LAWS(CHH)-2023-8-73

ASHOK KENWAT Vs. STATE OF CHHATTISGARH

Decided On August 02, 2023
Ashok Kenwat Appellant
V/S
STATE OF CHHATTISGARH Respondents

JUDGEMENT

(1.) Shyambai, Kuntibai (acquitted co-accused persons) and present appellant Ashok Kenwat were apprehended for offences under Ss. 302 & 201 read with Sec. 34 of the IPC alleging that on 23/6/2012 at Village Bandabri, Police Station Basna, they have in furtherance of their common intention, assaulted Lakhpati, S/o Ganeshram Kanwar (now deceased) by blunt side of axe and in order to screen themselves from the aforesaid offence, they left the dead body near the road and thereby committed the offence. Upon investigation, accused Shyambai & Kuntibai were charge-sheeted and the present appellant was also charge-sheeted but in abscondence. Consequently, Shyambai & Kuntibai were tried in Sessions Trial No.91/2012 and acquitted by judgment dtd. 13/3/2013 passed by the 1st Additional Sessions Judge, Mahasamund in that trial in which two witnesses namely, Tilakram & Punitram were also examined by the then trial Court. Thereafter, the present appellant was apprehended on 18/19/6/2013 and supplementary charge-sheet was filed on 2/7/2013 and accordingly, charges were framed against the present appellant on 24/10/2013 and he was put to trial by the Additional Sessions Judge, Saraipali, District Mahasamund in Sessions Trial No.8/2014 in which except one memorandum of the present appellant dtd. 18/6/2013 (Ex.P-3), all the witnesses from PW-1 to PW-11 were examined afresh and Ex.P-3 - memorandum of the present appellant, was brought on record. On 18/6/2013, the present appellant was arrested vide arrest memo Ex.P-22. However, rest of the documents of the earlier trial were relied upon by the trial Court in this sessions trial initiated against the present appellant.

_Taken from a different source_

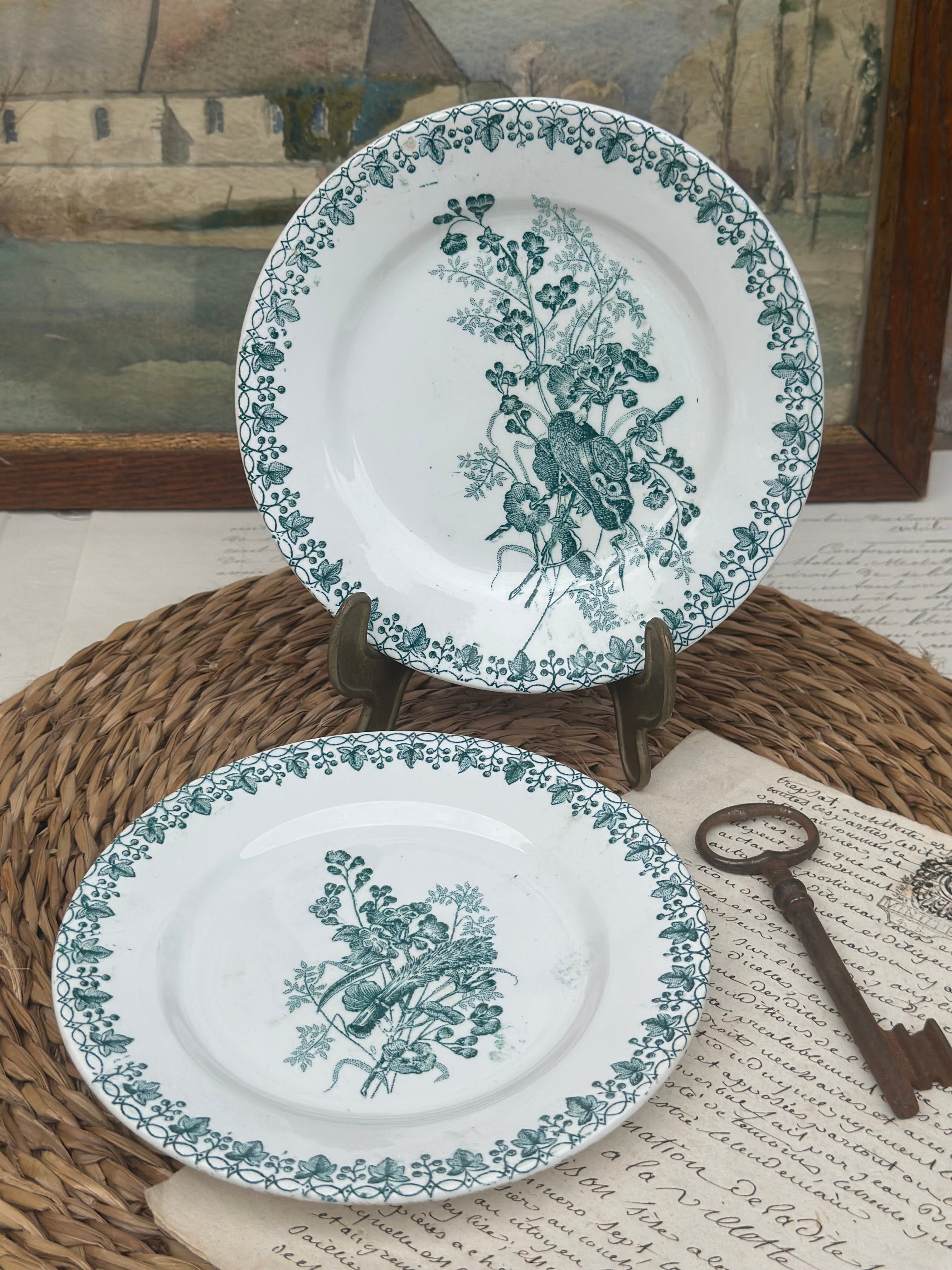 Rare paire de petites assiettes (à pain?) Onnaing modèle Moisson
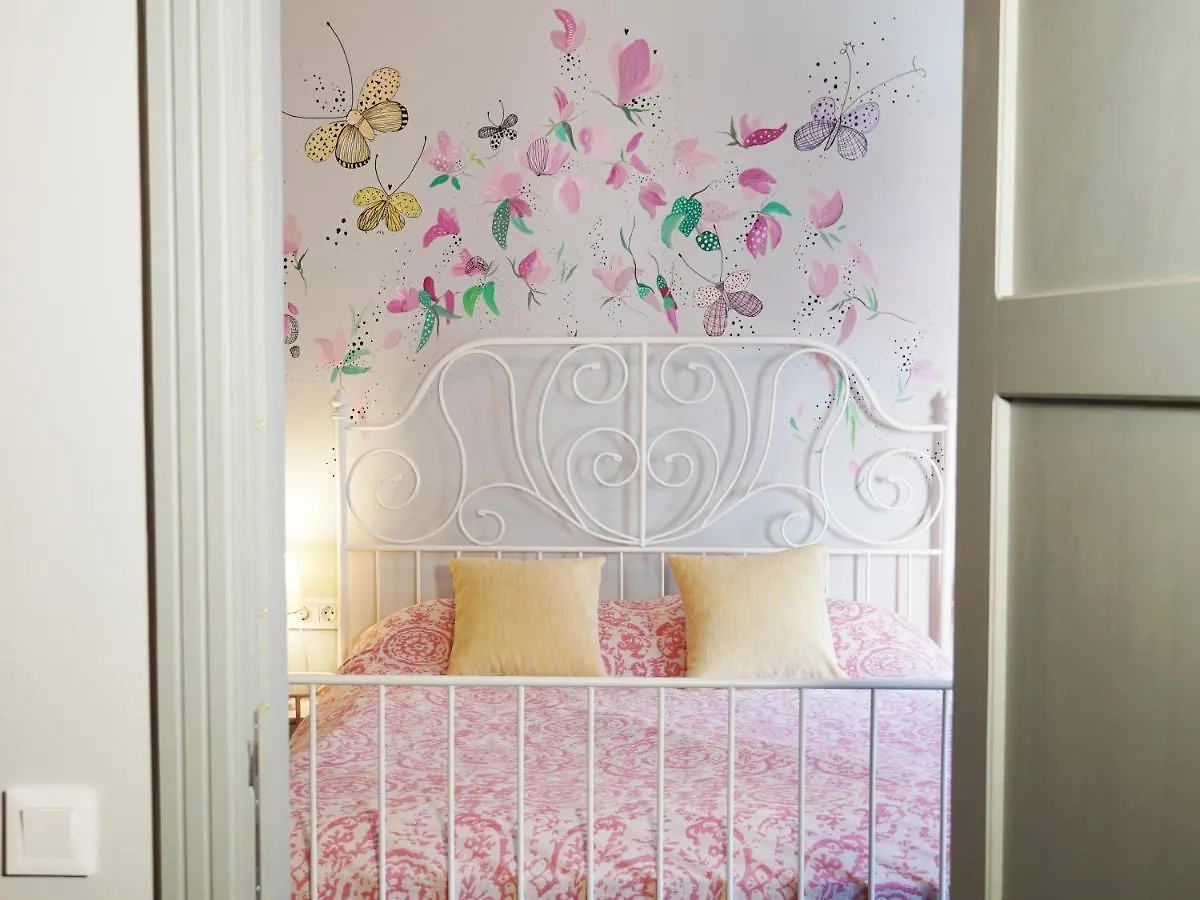 Tilas - Rooms In 19Th Century Wooden Townhouse,Kadikoy Istanbul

(2.) Though the trial Court has recorded the statements of all the witnesses separately afresh in this trial, but by order dated 5-5- 2015, the trial Court held that counsel appearing for the accused was asked to cross-examine the witnesses in the present trial with reference to their previous statements made in S.T. No.91/2012, however, he expressed that he does not wish to cross-examine them and thereafter, the trial Court relying upon the earlier statements of the two witnesses namely, Tilakram & Punitram examined in S.T.No.91/2012 against the two coaccused persons, convicted the appellant herein for offences under Ss. 302 & 201 of the IPC and sentenced him to undergo imprisonment for life & pay fine of ? 2,000/-, in default, additional rigorous imprisonment for one year and rigorous imprisonment for thee years & fine of ? 1,000/-, in default, additional rigorous imprisonment for six months, respectively, by judgment dtd. 18/6/2015 passed by the Additional Sessions Judge, Saraipali, District Mahasamund in Sessions Trial No.8/2014, against which this appeal has been preferred by the appellant herein under Sec. 374(2) of the CrPC.

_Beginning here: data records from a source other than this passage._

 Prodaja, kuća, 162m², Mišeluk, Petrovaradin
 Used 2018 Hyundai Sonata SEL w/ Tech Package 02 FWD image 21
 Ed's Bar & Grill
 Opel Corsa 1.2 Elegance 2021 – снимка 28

(3.) Mrs. Indira Tripathi, learned counsel appearing for the appellant, would submit that the trial Court is absolutely unjustified in taking into account the previous statements of Tilakram (PW-2) & Punitram (PW-5) in the present case, as they have not supported the case of the prosecution and one of the witnesses Punitram (PW-5) has stated that he has not seen the incident, as such, the appellant had no right and opportunity to cross-examine these two witnesses in the earlier trial, as he was not appearing in that trial, therefore, by virtue of the second proviso to Sec. 33 of the Indian Evidence Act, 1872, the previous statements of these two witnesses were inadmissible in evidence and the trial Court has grossly erred in applying Sec. 33 relying upon the statements of the witnesses namely, Tilakram (PW-2) & Punitram (PW-5), however, it is not the case where Sec. 299 of the Code of Criminal Procedure, 1973 was applied as neither the present accused was declared absconded nor it has been recorded that the witnesses were not found, as they have been examined conveniently in this sessions trial. Therefore, reliance placed by the trial Court upon the previous statements of Tilakram (PW-2) & Punitram (PW-5) deserves to be excluded and excluding their two versions, there is no other evidence on record to hold the appellant herein guilty of the offence, as nothing has been seized from the possession of the appellant and there is no other evidence evidence against him. As such, the appeal deserves to be allowed and the appellant deserves to be acquitted.